I know, this blog is supposed to be about Manhattan right? Yes. It is. But how can I not report on this kind of stuff when it is so close to home. Manhattan is a different animal from the other markets across the US, but what I saw today is very troubling. I worry that data released by the government and other organizations is not really telling us the true story. It can't be. I mean, the neighborhoods I mentioned above are so overcrowded that I honestly thought a housing slowdown would be somewhat contained. After all, good school districts and solid homes on 1/2 acre lots should always be in decent demand in this part of Long Island. There are just too many growing families with $$$ looking for homes. Right?

But the inventory I saw today told a different story. And to boot, I read this story via The Big Picture from John Burns Real Estate Consulting Group.
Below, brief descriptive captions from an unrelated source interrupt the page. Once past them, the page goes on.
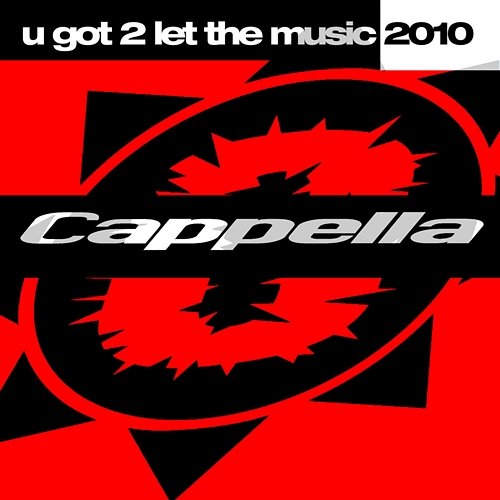 U Got 2 Let The Music 2010 Cappella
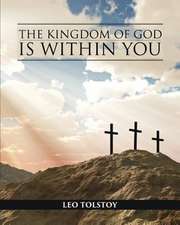 The Kingdom of God Is Within You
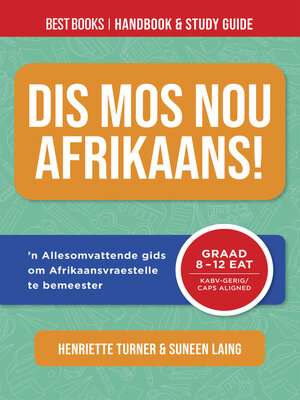 cover image of Dis mos nou Afrikaans! Best Books Handbook & Study Guide (Grade 8 to 12 FAL)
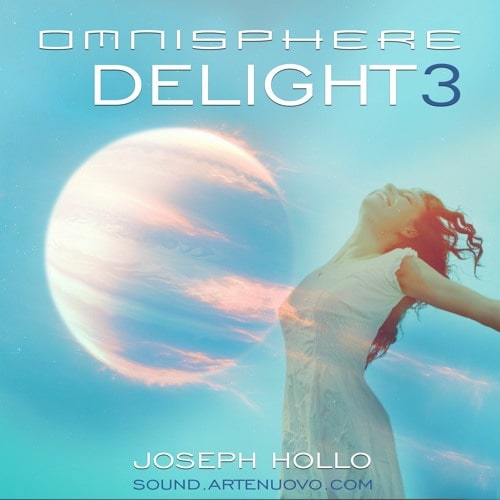 Sound Arte Nuovo Delight 3 For Omnisphere 2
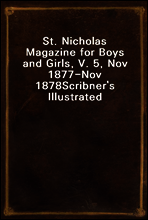 St. Nicholas Magazine for Boys and Girls, V. 5, Nov 1877-Nov 1878
Scribner`s Illustrated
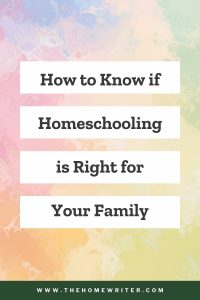 how to know if homeschooling is right for your family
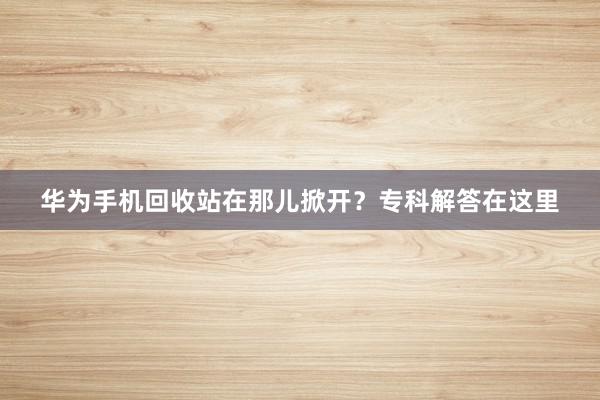 华为手机回收站在那儿掀开？专科解答在这里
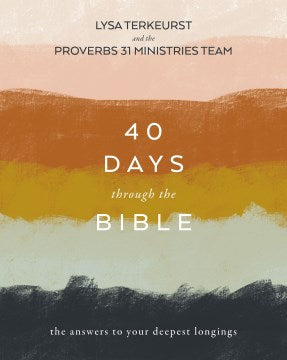 40 Days Through the Bible : The Answers to Your Deepest Longings - MPHOnline.com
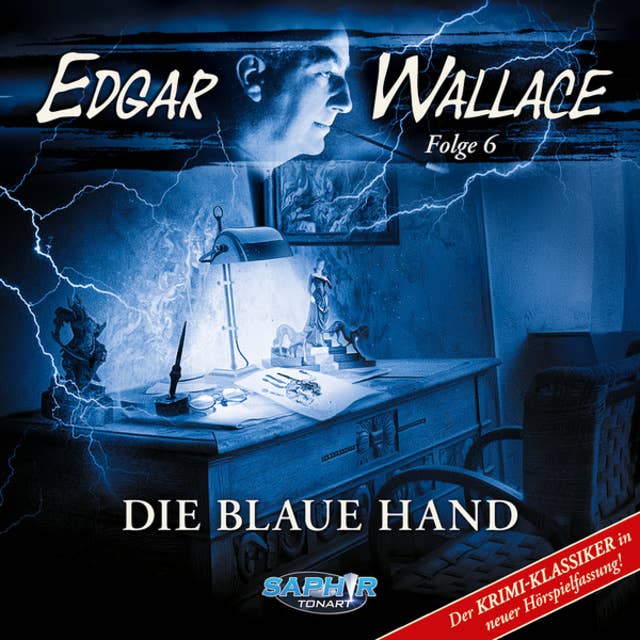 Edgar Wallace - Der Krimi-Klassiker in neuer Hörspielfassung, Folge 6: Die blaue Hand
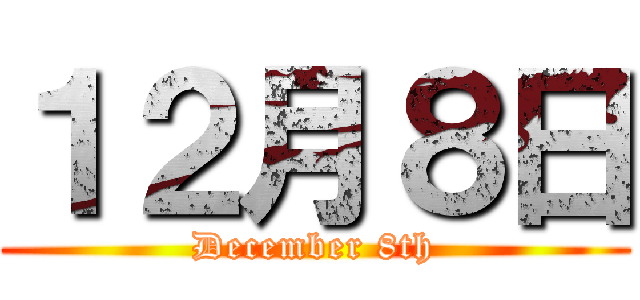 １２月８日 (December 8th)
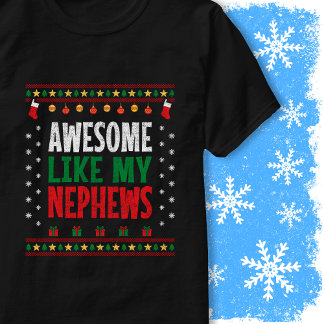 Awesome Like My Nephews Christmas Sweater Vintage T-Shirt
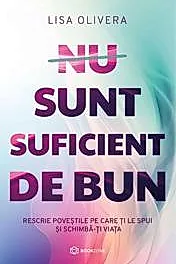 NU SUNT SUFICIENT DE BUN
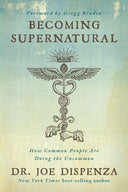 Becoming Supernatural: How Common People Are Doing the Uncommon -- Joe Dispenza, Paperback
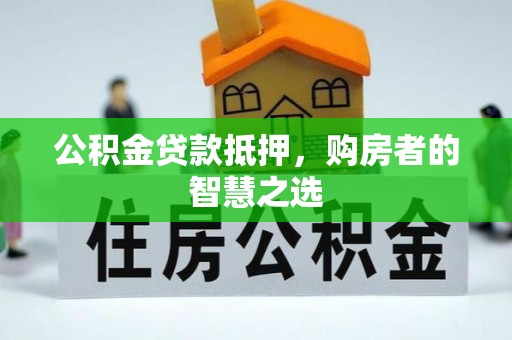 宜都公积金贷款抵押，购房者的智慧之选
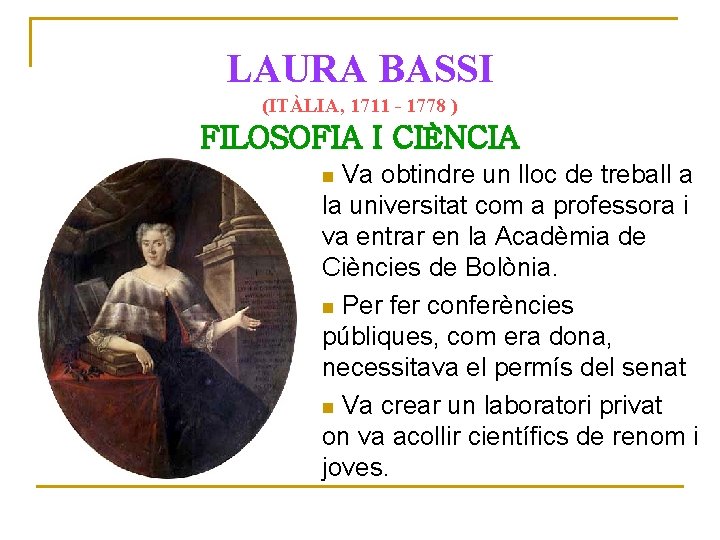 LAURA BASSI (ITÀLIA, 1711 - 1778 ) FILOSOFIA I CIÈNCIA Va obtindre un lloc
According to the article titled, "Message To Fed: The Housing Market is Falling Much Faster than Reported":

* Closing Data: We purchase and compile actual home closing data for approximately 181 counties across the country, which captures the counties where about 55% of the U.S. population lives and a significant percentage of all of the counties where the large home builders are active. This data shows that sales have fallen 22% if you compare sales over the last 12 months to the prior 12 months. On a straight year over year comparison, the decline is much more.
* Mortgage Bankers Association (MBA) Data: The MBA Seasonally Adjusted Purchase Application Index, which is a measure of the number of people filling out loan applications to buy a home, is down 18% from its peak in September 2005.1 With presumably more applications being filled out by borrowers who now have to shop around for a loan, how could sales have fallen by less than 18%?
* Builder Data: The nation's two largest homebuilders, D.R. Horton and Lennar, are reporting that orders have declined 27% to 37%, year-over-year. 2 3 D.R. Horton and Lennar have dropped prices significantly in many markets to generate sales, while the resale market has not. How could their sales have fallen more than the resale market, even if new home communities tend to be in fringe areas?
* Realogy Corporation Data: Realogy, which is the parent company of Century 21, Coldwell Banker, and ERA, participated in roughly 1.9 million brokerage related transactions in 2006 compared to 2.3 million in 2005, representing a year-over-year decline of 18% nationwide.4
* 2005-2006 NAR State Data: The National Association of Realtors state data does show sharp year-over-year corrections in major states: 28% drop in Florida, 24% drop in California, and a 28% drop in Arizona. Our data, however, shows the sales have probably dropped by 34%, 27% and 38%, respectively. The national numbers include some large states where sales volumes have not corrected substantially, such as in Texas and Ohio, but we believe these markets are not very healthy for other reasons. Interestingly, our calculations were tracking very closely with NAR data through 2005, as illustrated above. We did investigate NAR methodology and have found absolutely no reason to believe that the NAR is intentionally misleading anyone, as some have suggested.
* New Home Data: The Census Bureau calculation of new home data does not calculate sales net of cancellations, and cancellations are running much higher than normal right now, which is why the sales numbers overestimate actual sales.
The article calls for the fed to lower interest rates NOW, and ahead of the curve, before the problems get real bad. I don't see that happening as the fed has a history of NOT messing around with tradable markets using speculation. Rather, they will once again be behind the curve and wait to see the real data hit before pulling the trigger on stimulative rate cuts. But this consulting firm argues that the data is where the problem is in the first place! If the data were real, housing would be showing a much worse performance than we are currently being told.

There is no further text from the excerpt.